It can reduce the risk of HIV-infected people falling sick with TB.
A new Tuberculosis vaccine that can reduce the risk of HIV-infected people falling sick with TB, has been developed by a U.S. National Institutes of Health-sponsored trial in Dar-es-Salaam. Announcing the results of the ‘Dar Dar’ trial of the prime boost Mycobacterium vaccae (MV) vaccine at the 39th Union World Conference on Lung Health in Paris recently, Executive Director of the International Union Against TB and Lung Diseases (IUATLD) Nils Billo said the re sults were among “the most exciting and promising for people living with HIV in recent times.”
The trial was a collaboration between the Muhimbili University of Health and Allied Sciences in Tanzania and the U.S. Dartmouth Medical School (DMS) and cited by the investigators as a fine example of North-South cooperation in responding to an international health problem.
The seven-year study enrolled about 2,000 HIV positive volunteers who had received childhood BCG and whose CD4 count was 200 or more cells per microlitre of blood. The CD4 is a white blood cell that plays a critical role in the immune response and is normally above 800 cells per microlitre. Half the volunteers received five doses of the Mycobacterium vaccae two months apart over a year. The other half acted as a control arm receiving a dummy vaccine or placebo. Dr. Ford von Reyn, Professor of Medicine, DMS and principal investigator of the study said, “the vaccine was found to boost lymphocyte counts and protect against all forms of definite TB among 20 of the 1,000 who received it. There is no risk of getting TB infection from the vaccine itself as it is an inactivated form. The technology used to create the vaccine is low cost and that will help ensure its affordability in those countries where it will be needed most.”

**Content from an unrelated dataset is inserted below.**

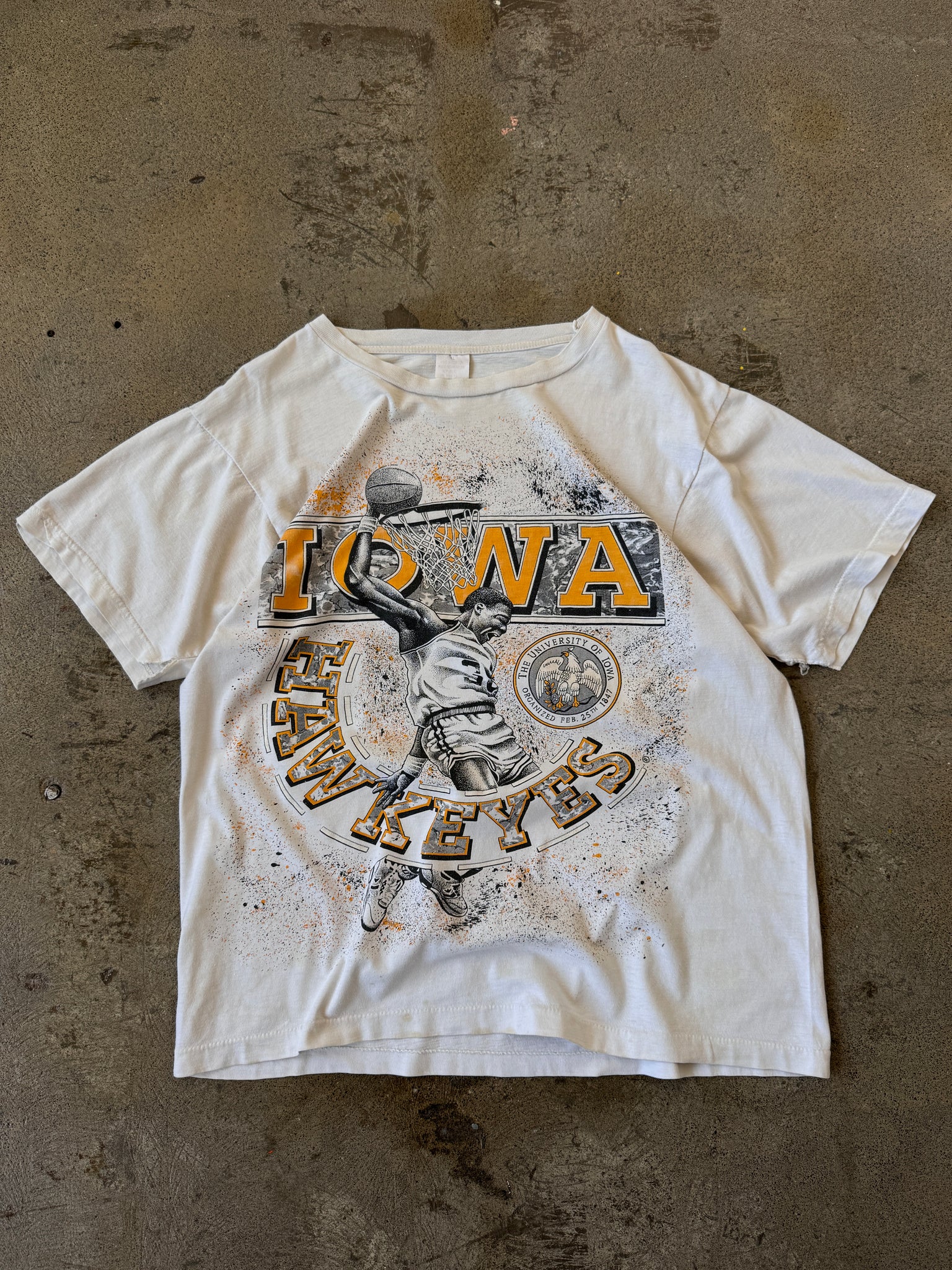 Vintage Iowa Hawkeyes T'Shirt (L)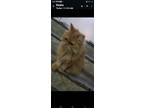 Adopt Claire a Persian cat in Annapolis, MD (41540380)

TB is the world’s leading cause of death among PLHIV. Over a third of the global total of 33 million PLHIV is co-infected with TB and will likely die without treatment. One in five people with a severely weakened immune system can develop active TB within a year, an extraordinarily high risk. The risk of TB goes up as immunity comes down.
Preventing HIV positive people from falling sick with TB ranks among the leading public health challenges in China, India and the countries of sub-Saharan Africa. People whose immunity is down because of HIV infection, can have TB that manifests in a very atypical way, for example, without a persistent cough. Such people miss getting diagnosed with TB at the health care services and can die as a result. If cases of TB among PLHIV are diagnosed, the chance of them getting cured of TB is much worse than among those without HIV infection. In Malawi, for instance, four out of ten TB patients with HIV co infection die before the completion of anti-TB treatment. People who complete anti-TB treatment and are pronounced fully cured of TB run a high risk of getting TB again, owing to their low immunity.
A TB vaccine that will afford permanent protection is badly needed. It is too early to know if the Mycobaterium vaccae vaccine can do that. “Our follow-up with the study volunteers shows that the vaccine is affording a 40 per cent protection so far in these three to four years. We need to study its durability,” observed Dr. Robert Horsburgh, Chairman, Department of Epidemiology, Boston University Department of Public Health.
It is clear that the M.vaccae vaccine will have a profound impact on TB control among PLHIV in India as elsewhere. Dr. Anthony Harries, Senior Adviser to the IUATLD said, “these results suggest that about 6,000 cases of TB can be averted among a population of 2 million PLHIV within three years if 50 per cent of them received it.” The current armamentarium to prevent TB consists of the BCG vaccine which is given to children at birth. While it protects children from acquiring serious TB, it does not afford much protection to adults. Besides, BC being a live vaccine, could theoretically cause TB in PLHIV. The only other weapon available is giving HIV infected patients a daily dose of a single anti-TB drug — Isoniazid — to prevent them from getting TB. This measure is acknowledged to fuel the spread of Isoniazid resistant TB, but is still adopted as the lesser of the two evils. “The new vaccine would overcome both these challenges. I see it becoming part of a whole package of pre-Anti Retroviral Therapy care that can keep people with HIV healthy for many years,” said Prof. Harries. It is for future research to unravel how the vaccine may benefit people with CD4 counts lower than 200. While the Dar Dar study focused on a group at high risk for TB, the potential of the new vaccine to prevent TB among HIV negative individuals in TB prevalent areas is open to exploration. Meantime, it may be two years before Mycobacterium vaccae will become available.